Denying the Messiah three times can sear the mind with painful memories. The moment that Peter saw Jesus could have caused him to cower away or maybe hide behind the other disciples. He may have even hid under a tarp. But not Peter. Peter jumped off the ship and swam to Jesus. No waiting, no pausing, no helping with the fish. Forgiveness acts like that. Peter needed it and Jesus longed to give it. He longed to restore Peter – to show him that He had not lost faith in him, despite Peter’s lapse of faith in Jesus.
Many people run from forgiveness. It’s not that they don’t need it. They don’t know they need it. Or maybe they don’t want it or want to give it. Forgiveness carries it’s own pace. It wants to be received much quicker than we want to receive it and it needs to be given far sooner than we relinquish the gift. But it’s not forceful. Forgiveness carries a pace that is aligned with the soul but prolonged by the flesh.
When in Christ, we run toward forgiveness and should be quick to give it.

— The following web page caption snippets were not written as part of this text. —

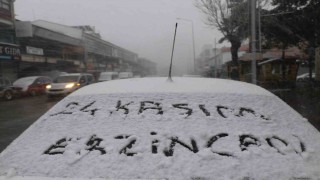 Erzincan kent merkezine mevsimin ilk karı düştü, tipi hayatı felç etti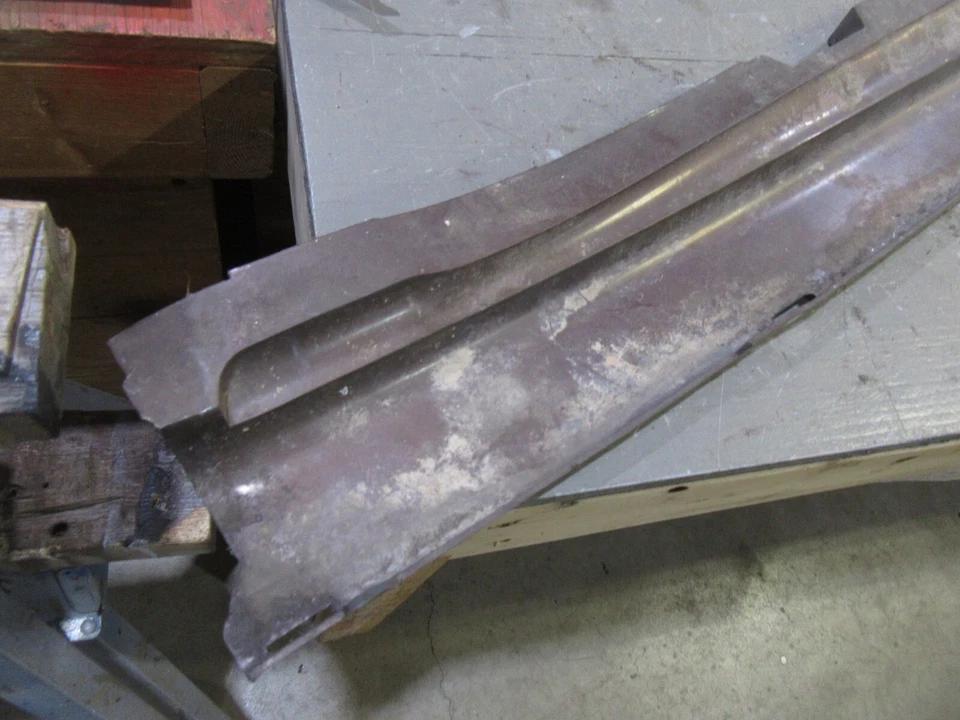 1978 Chevrolet Malibu 4 portas vagão exterior painel de válvula de enchimento traseiro - Imagem 2 de 4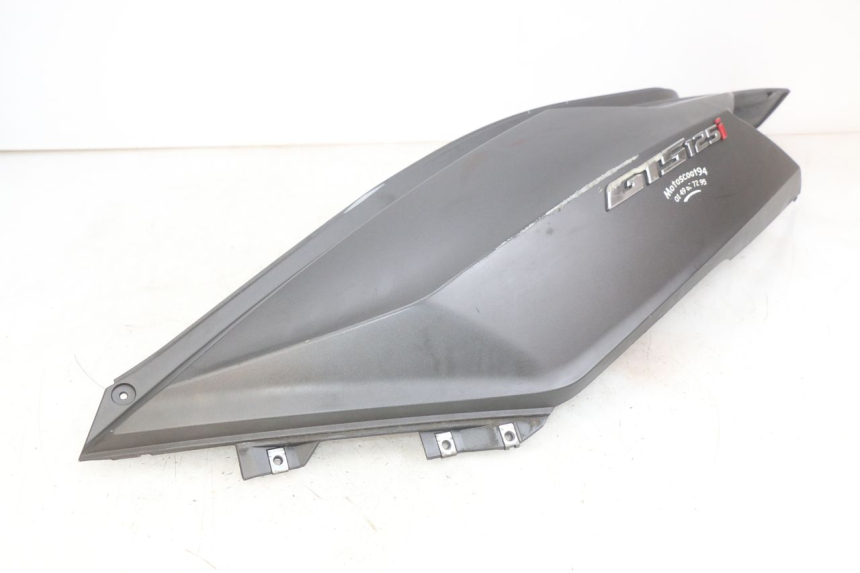 photo de LEFT REAR SIDE PANEL SYM GTS EFI 125 (2012 - 2016) - Component detail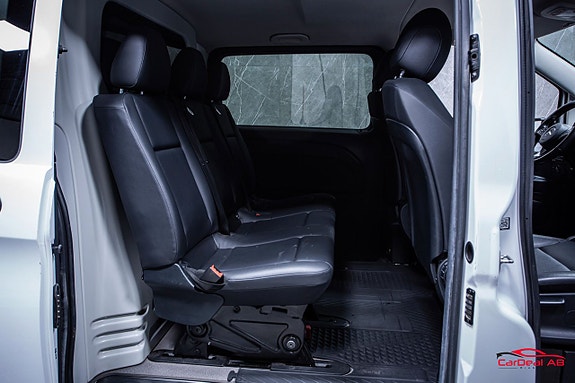 Mercedes-Benz Vito 119 17 of 27
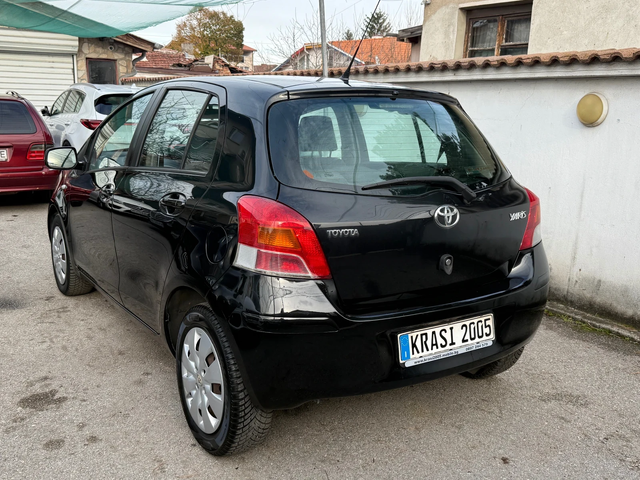 Toyota Yaris 1.3VVTI FACELIFT 101HP - автомобили, коли, обяви за нови и употребявани 3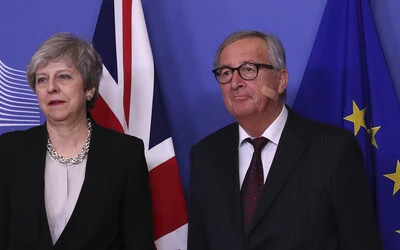 Jean-Claude Juncker és Theresa May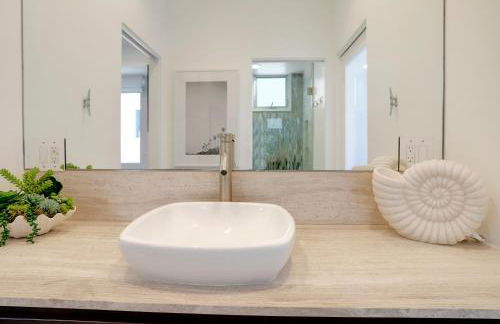 Haines Luxury Dream Home - Bay Views, Rooftop, Fire Pit & AC - Foto 21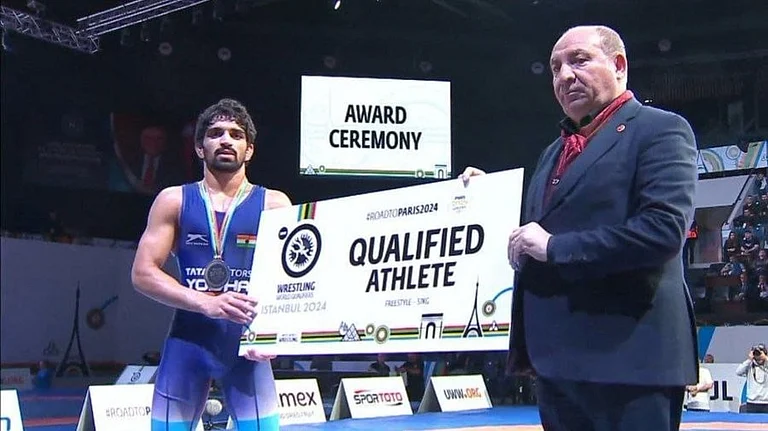 Aman Sehrawat is the only Indian male wrestler to qualify for the Paris Olympics 2024. - Photo: X/ @FirstpostSports
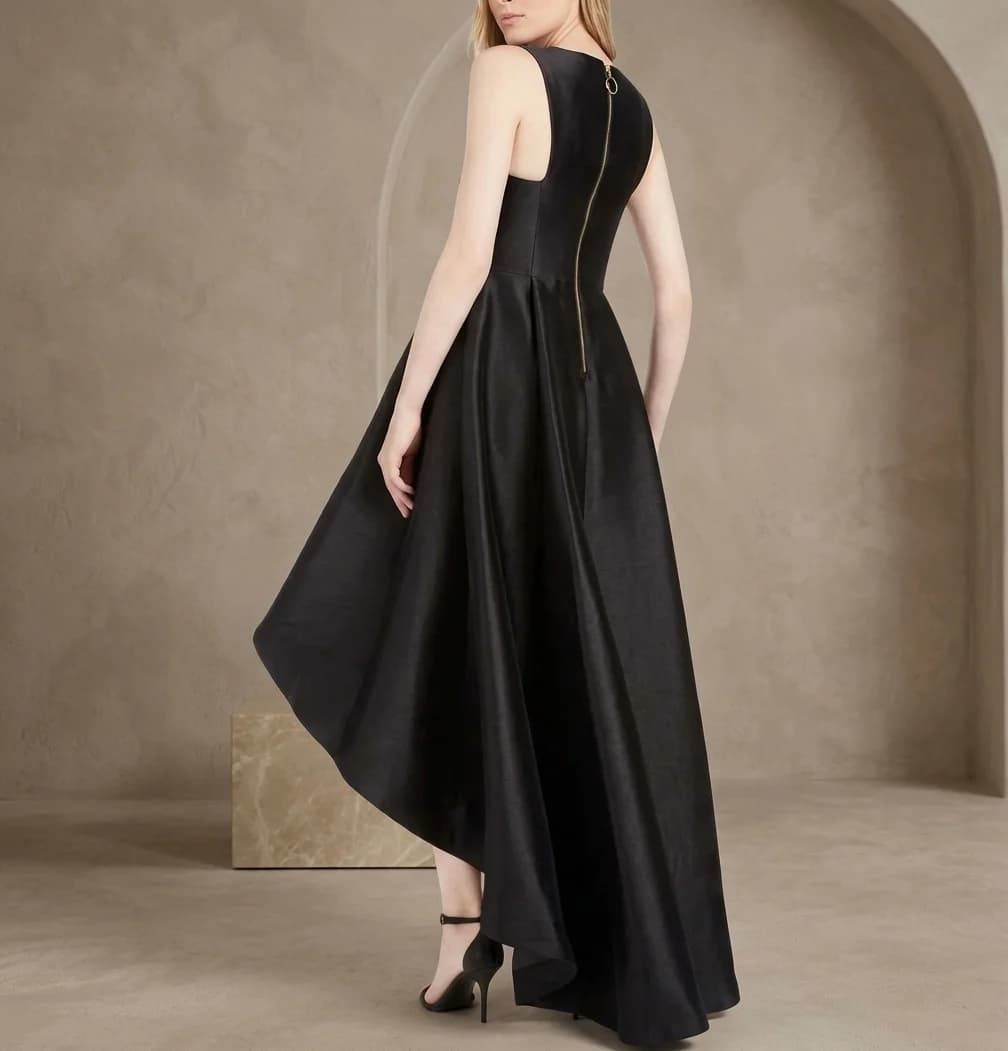 Vestido Negro satín en color negro (espalda)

It’s restorative. It heals.
It’s not easy.
Especially when it moves faster than us. It often appears that the more serious the offense, the slower we desire forgiveness to move. We need time to feel sorrow, hate, to cry, and to vent. Unfortunately those feelings can transform from momentary emotions to a permanent perspective. We find ourselves on the hamster wheel of bitterness with no end in sight. If we’re not careful we can allow our resistance to the pace of forgiveness to derail every part of our mission. We may even wonder why God is not using us to our capacity.

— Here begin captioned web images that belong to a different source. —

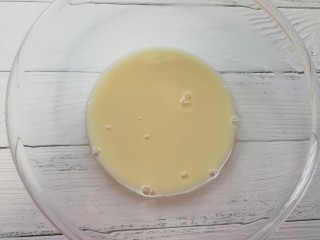 1、百变水果 水果披萨,温水中加入发酵粉、盐和糖混合均匀。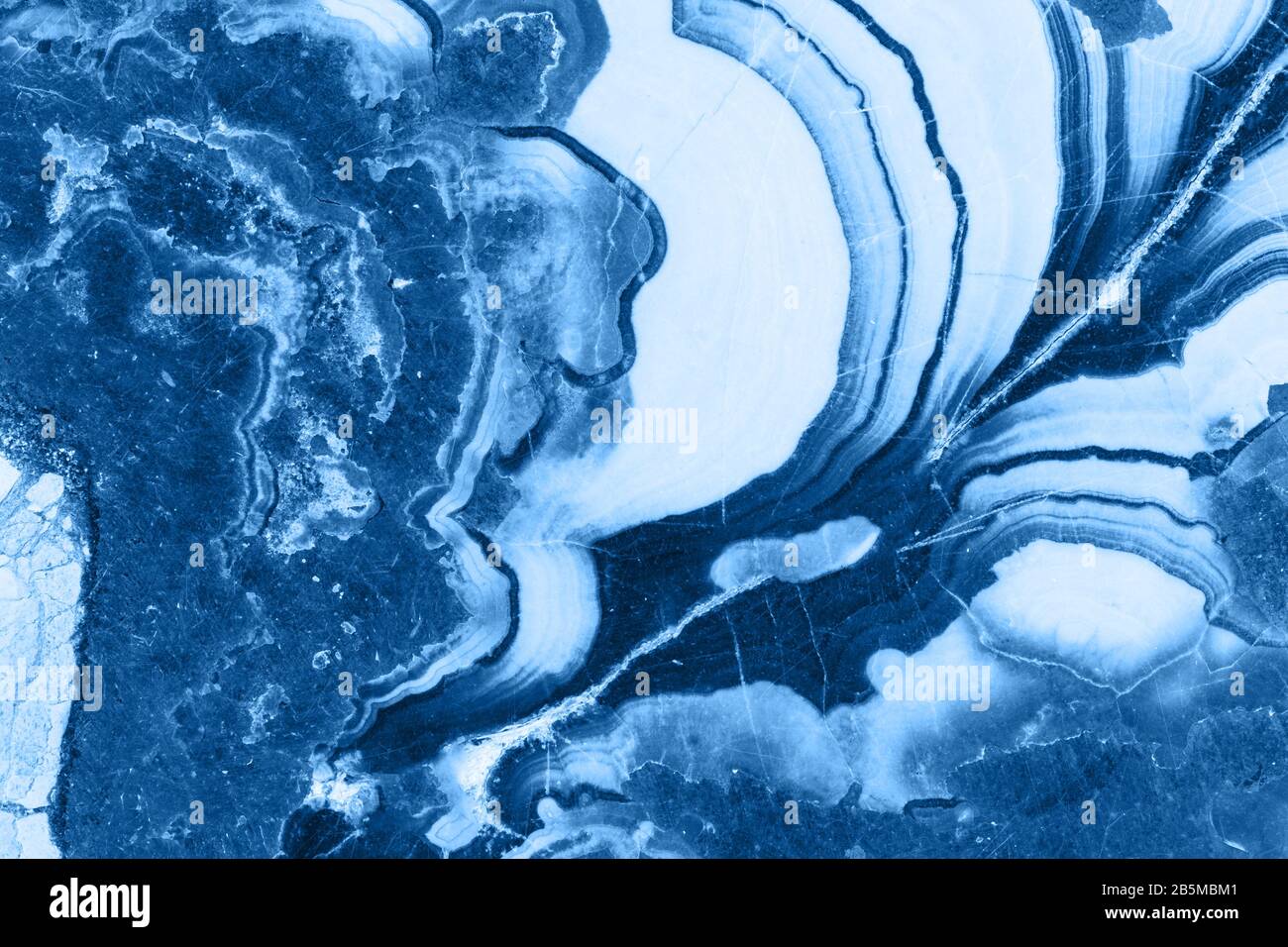 Querschnitt des abstrakten blauen Fantasy-Minerals, Farbe des pantone-klassikers 19-4052 aus dem Jahr 2020 Stockfoto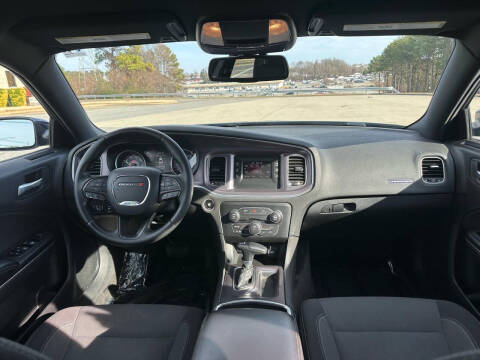 2016 Dodge Charger SE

What we find is that the pace of forgiveness is the pace of grace and mercy, both given abundantly by Christ. If you’re in a place right now where you are finding it difficult to confront someone who wronged you, to offer forgiveness, and to allow Godly healing to take place, it’s time to jump off the boat and swim toward Jesus. Living a life of unforgiveness is like riding a stationary bike and wondering why the landscape isn’t changing.

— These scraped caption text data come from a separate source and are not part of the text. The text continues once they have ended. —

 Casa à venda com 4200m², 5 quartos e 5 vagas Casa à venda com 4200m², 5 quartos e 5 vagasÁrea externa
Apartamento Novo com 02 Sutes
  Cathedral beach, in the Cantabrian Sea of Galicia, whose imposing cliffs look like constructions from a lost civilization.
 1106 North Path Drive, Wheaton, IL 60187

I’ll say it again. It’s not easy.
You can do it. You can claim a victory that the enemy has desired to withhold from you. You are an overcomer and you will find more freedom and strength in forgiveness than you ever thought possible. You may be saying, “Pastor Tim, you just don’t know what I’ve been through.” You’re right. I don’t. But I know One who sits on the right hand of God interceding for you and He has set before you the pace of forgiveness and He asks for you to trust Him for the outcome. Our stride toward forgiveness will usually be slower than the beckoning of the Holy Spirit.
If Peter had not boldly swam toward Jesus he may have lived his whole life with regret, bitterness, self-laothing, and a sense of purposelessness. But Jesus restored and set him on a mission. Peter became a pillar of the early church and a catalyst for global transformation.
It’s your turn.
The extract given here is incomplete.